Call it the belly button theory of economics, if you will.  Every one knows there are two types of umbilicals: innies and outies.  Well, when all is said and done, all complexities aside, doesn’t one’s economy simply break down into what comes IN and what goes OUT?

 

Let’s talk about the ordinary working person.  She earns from her job (IN), and she meets her needs and pleasures by making purchases (OUT).  The well-being of her “economy” depends upon there being at least enough IN to take care of all the OUT.

 

One might be tempted to say that both are equally important, that is income (IN) and the cost of things (OUT).  Here is where I would argue that many economists miss the boat.  I believe that what one does through her work to acquire the means to live (IN) is fundamental, whereas the cost of things (OUT), while important, is secondary.  Think of is this way.  If you are unemployed you sure appreciate a good bargain, but what you really need is a good job.

 

There can also be a “dialectic” relationship between IN and OUT.  Take health care.  It is something we purchase (an OUT).  However, for millions of Americans, their health care comes as a benefit attached to their work (an IN).  In other words, health insurance as a benefit is an IN that offsets the cost of health care, an OUT.

 

That is why I believe it is so important for all working people that in the current labor dispute that grocery giants — Safeway, Vons, Ralph’s and Albertsons — do not succeed in their efforts to cut drastically the wages (IN) and health benefits (IN) of their workers.  They argue that this is necessary in order to compete with the Wal-Mart super stores, who pay their workers substantially less in wages and benefits (cf.
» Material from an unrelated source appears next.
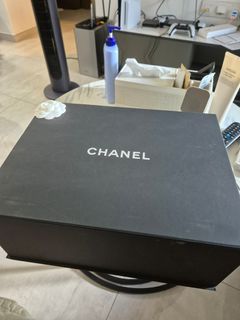 (Category: ) located in . Submitted by exclusive.x.starbuy (Listing ID 1374762122, Image 1). Description: .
Nickel and Dimed, Barbara Ehreneich’s classic study where she tried over a large period of time and failed to be able to live on Wal-Mart wages).  Wal-Mart does this by keeping its prices (OUT) lower than anyone else.  Interestingly, and here is that dialectic at work again, Wal-Mart is able to offer such low prices (OUT) by pressuring its suppliers to cut labor costs (their workers’ IN) in order to provide Wal-Mart with its goods at cut rate prices.

 

In the end, you see, it always boils down to IN(come).  Of course, the worker is also a consumer and naturally loves low prices.  We all appreciate a bargain, and who can blame us?  But if the price of bargains is that, in the long run, we don’t have a living wage (IN) that meets our needs to provide for our expenses (OUT), then the bargain is, in effect, no bargain.  It is a cruel trick disguised as a bonus.

 

Human beings are by nature, first and foremost, producing animals.  We produce the means by which we survive and thrive.  Only then are we able to “consume.”  I am no great fan of capitalism because it treats human labor as a commodity, just one more expense for the capitalist along with things such as materials, rents and other overhead costs.  But as long as capitalism exists, working people have no choice but to demand wages and benefits that meet their fundamental needs.  Health care, along with food and shelter, is one of the most basic of human needs.  Because the United States government, the only one in the world of industrial nations (with the possible exception of South Africa), has not seen fit to provide universal health coverage for its people, then this need for most of its working people gets fulfilled through employer health care plans.  It is not an “extra.”

 

I have spoken with shoppers crossing the picket lines at the supermarkets, fellow working people, who justify their non-support of the grocery workers on the basis that they too must pay part of their health care costs (“If I can’t have it, you can’t have it either”).  This sad lack of worker solidarity is a product of the divide and conquer strategy of the supermarket chains, and it is in contrast to the solidarity the chains themselves have shown by sharing their profits amongst themselves, possibly in violation of anti-trust legislation.  How ironic that the supermarket industry is turning around that famous dictum to read: “chains of the world unite, you have nothing to lose but your workers!”